Third, the deprivation of citizenship creates a situation where instead of citizens having the sovereign power to choose their government, the government chooses who they wish to govern; deprivation is no longer based on ‘conductive to the public good’, for as Lord Slynn notes in Secretary of State for the Home Department v Rehman, ‘there is no definition or limitation of what can be “conducive to the public good” and the matter is plainly in the first instance and primarily one for the discretion of the Secretary of State.’ This phrase therefore provides an ill-defined ground for the UK government to deprive nationality of an individual and at the same time create ‘a dubious and shifting hierarchy of citizenship’.

Conclusion

Depriving the nationality of citizens on mere suspicion for links with terrorist organisations as a counterterrorism mechanism has failed from both legal and rights-based perspectives. This essay concludes there are four main reasons that reflect the deprivation of nationality problem. First, it disrupts the UK’s international commitment to reduce statelessness, and its obligation under the UN Security Council Resolution to bring suspects of terrorism to justice. Second, it undermines the UK’s commitment to uphold human rights and the rule of law as a liberal democratic state while countering threats against its national security and national interest. Third, revoking nationality is an ineffective security strategy against terrorism because of practical implications. In the same vein, the above analysis recognises that mere banishment and deportation could be a measure that may backfire the real intention in countering terrorism because it fails to address the root cause for the radicalisation. Such avoidance in the long term may produce counter activities against the state and keep the national security at constant risk. Fourth, the power of the UK to revoke the citizenship of naturalised citizens who have no second nationality—which causes stateless—thus creates a legal black hole, into which once an individual fall he cannot be pulled out.

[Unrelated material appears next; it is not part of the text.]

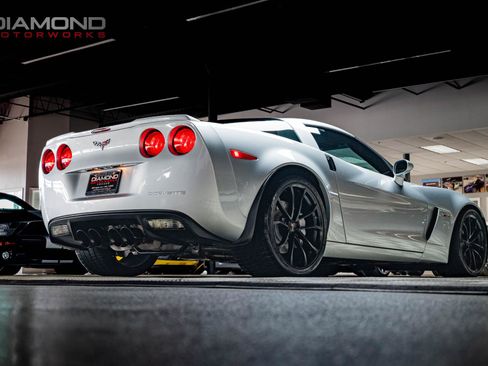 Used 2013 Chevrolet Corvette Z06 w/ 3LZ Preferred Equipment Group RWD image 64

Compared with the deprivation of nationality, the measures proposed by sections 1 and 2 of the CTA 2015 such as seizure of passport from personnel suspected of involvement in terrorism, and temporary exclusion orders are more effective because they involve some judicial intervention and temporary suspension of individuals within the UK, which means the state will have the power to retain the suspect whenever required. There are also other counterterrorism measures that, with the adequate intervention of judiciary, have been an effective security strategy against terrorism. Thus, this essay proposes that the UK must revoke its laws concerning the deprivation of nationality as a counterterrorism measure but alternatively introduce laws that would address issuing permits to return to the terrorist suspects on individual basis, set specific obligations to the individuals after return to the UK, set tribunal that could review the decision of temporary exclusion, and strict the terrorism prevention and investigation measures with consideration of enforceability, and upholding international law and obligations in the contemporary counterterrorism context that will make the UK counterterrorism response effective.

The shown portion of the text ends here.